Dan sekarang, ditambah satu lagi perihal penyiapan teror. Kita jadi bertanya, apakah tetangga kita teroris?
Apakah ada yang salah dengan kota kita?
Kejadian luar biasa di Surabaya membuka mata kita, bahwa kota kita sangat manusiawi, hidup dan berkembang bersama warganya.
Masih segar dalam ingatan saya, 18 belas tahun lalu keyika bom teroris diledakkan di gedung Bursa Efek Jakarta tempat saya bekerja tepat di depan mobil milik saya yang diparkir di ruang bawah tanah 2.
Hanya berselang dua tahun dari saat bersama rekan-rekan profesional kami menyerukan gerakan moral reformasi di gedung yang sama untuk menurunkan rezim.
Kota Jakarta, dan kota-kota lain Indonesia tidak lagi sama setelah tahun 2000. Semua gedung dan fasilitas publik kini tidak lagi memberi ruang bebas kita bergerak. Pemerikasaan ketat dan metal detector menjadi fitur penghubung warga dengan fasilitas publik.
Surabaya pun kini baru saja dibunyikan alarm bagun pagi nya. Kota terbesar kedua di Indonesia ini harus mengevaluasi dan menata perbaikan.

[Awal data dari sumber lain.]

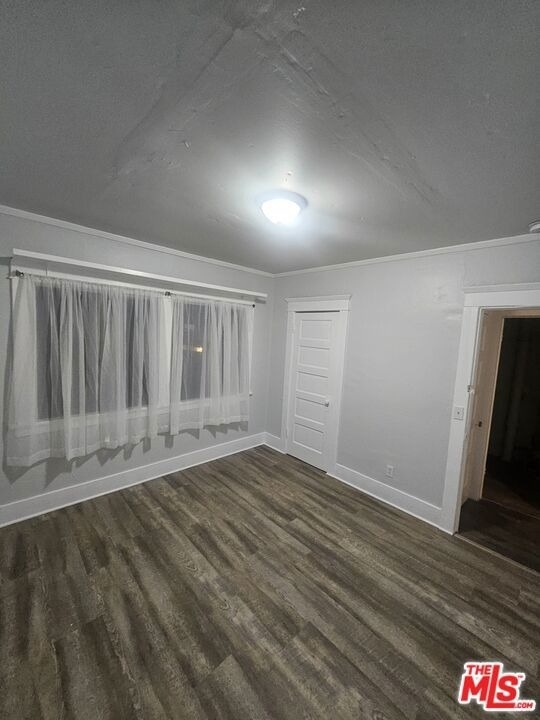 2932 1/2 S Normandie Avenue - Photo 12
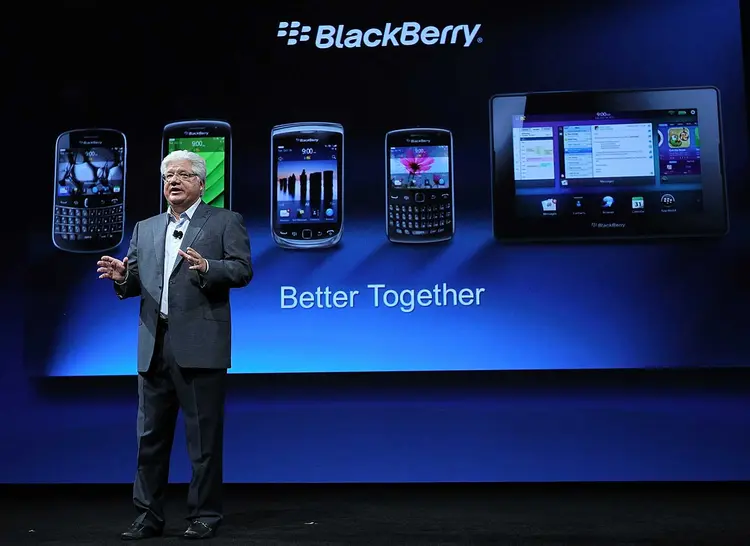 MIKE LAZARIDIS, DA BLACKBERRY: em 2011, empresa atingiu o auge, faturando 20 bilhões de reais; hoje, companhia fatura apenas 2 bi / Justin Sullivan/ Getty Images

Ternyata manajemen kota mikro saat ini dengan melihat kota Surabaya ke dalam, untuk warga Surabaya, tidak serta merta menjamin kehidupan warga yang aman. Ada faktor tetangga yang hilang, dan nilai-nilai bertetangga terancam.
Kalau kita teliti skala, pola ruang kegiatan dan membaurnya teroris diantara kehidupan sehari-hari warga kota, maka perlu ditinjau kembali efektifitas visi manajemen kota. Dengan jumlah penduduk 3,2 juta, kota Surabaya tidak berdiri sendiri secara eksklusif.

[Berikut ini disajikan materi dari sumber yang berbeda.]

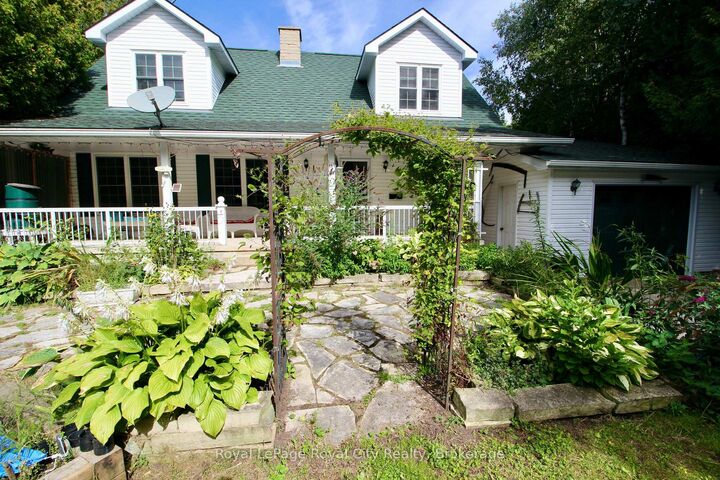 Property Photo: 8 Brock Street ON N0H 2R0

Arus komuter semakin besar. Harusnya, angka itulah yang menjadi baseline perencanaan dan manajemen kota.
Kota ini membutuhkan visi yang jelas sebagai bagian dari kota-kota dunia yang berpengaruh. Jangan hanya fokus jadi kota kecil.

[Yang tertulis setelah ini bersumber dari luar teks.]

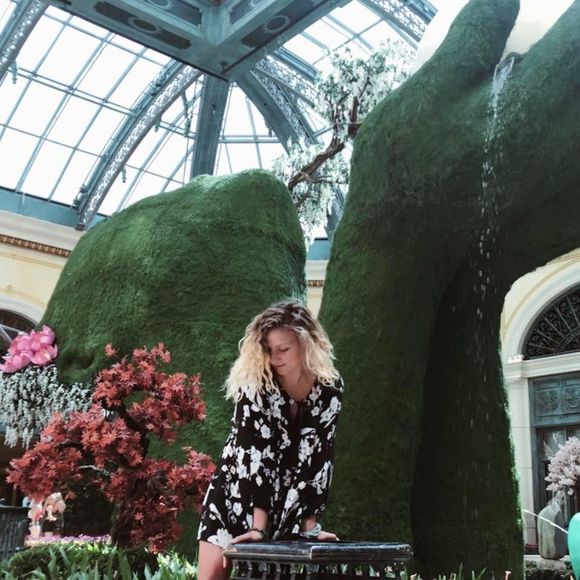 Meet your Posher, Amanda - Picture 1 of 1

Megapolitan ini adalah kota terbesar kedua setelah Jakarta di belahan bumi Selatan Asia Pacific, lebih besar dari kota manapun di Australia dan lain-lain.
Dengan demikian sepatutnya kota Surabaya mampu beradaptasi dengan dorongan kota yang semakin kosmopolitan, beragam dan terus menerus menerima masuk dan keluar orang-orang luar.
Pemerintah kota harus menyadari bahwa kota semakin mendunia, baik karena perkembangan transportasi, bisnis, tapi juga kemudahan karena internet-of-things.